#### Listed records

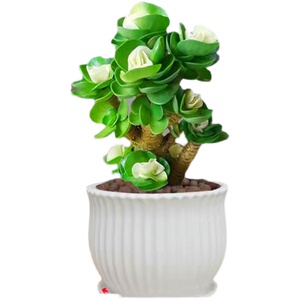 多肉植物办公室内花卉桌摆设盆栽开花金钱玉锦老庄带花盆种好寓意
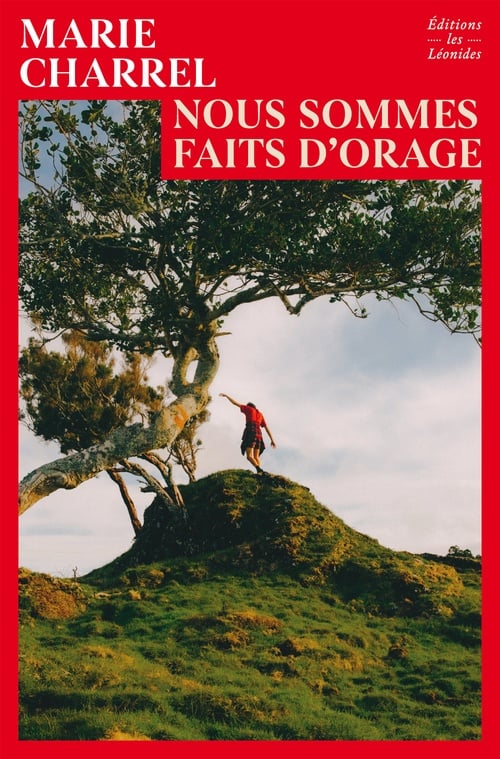 Nous sommes faits d'orage - Cover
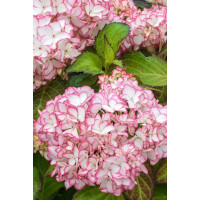 Hortensja ogrodowa 'Salsa' | Hydrangea macrophylla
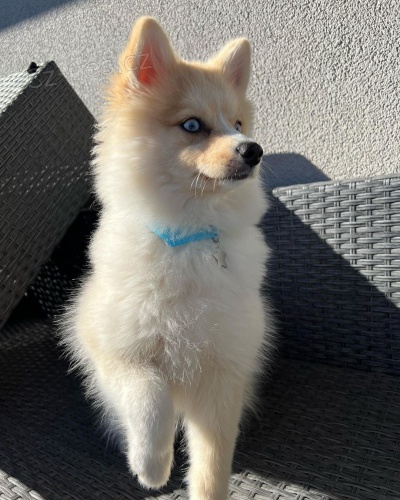 sladk� pomsky �t��ata.;/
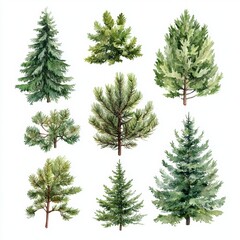 Watercolor Illustration of Norway Spruce from Top View on White Background, ideal for botanical, gardening, and nature-themed designs Generative AI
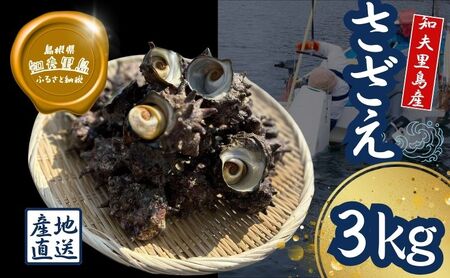 [知夫里島獲れ天然活さざえ3kgセット]隠岐諸島の新鮮なさざえをお届けします! 冷蔵便 サザエ 栄螺 貝 海鮮 BBQ さざえご飯 つぼ焼き 刺身 バーベキュー ギフト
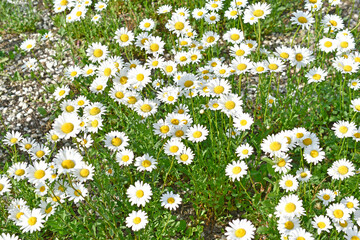 Chamomile field of flowers in the light of bokeh day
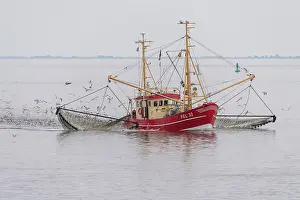 Trawler: Crab cutter in the Wadden Sea, Wadden Sea National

########

Could you transcribe every entry exactly, leaving out the pictures?

 多肉植物办公室内花卉桌摆设盆栽开花金钱玉锦老庄带花盆种好寓意
 Nous sommes faits d'orage - Cover
 Hortensja ogrodowa 'Salsa' | Hydrangea macrophylla
 sladk� pomsky �t��ata.;/
 Watercolor Illustration of Norway Spruce from Top View on White Background, ideal for botanical, gardening, and nature-themed designs Generative AI
 [知夫里島獲れ天然活さざえ3kgセット]隠岐諸島の新鮮なさざえをお届けします! 冷蔵便 サザエ 栄螺 貝 海鮮 BBQ さざえご飯 つぼ焼き 刺身 バーベキュー ギフト
 Chamomile field of flowers in the light of bokeh day
 Trawler: Crab cutter in the Wadden Sea, Wadden Sea National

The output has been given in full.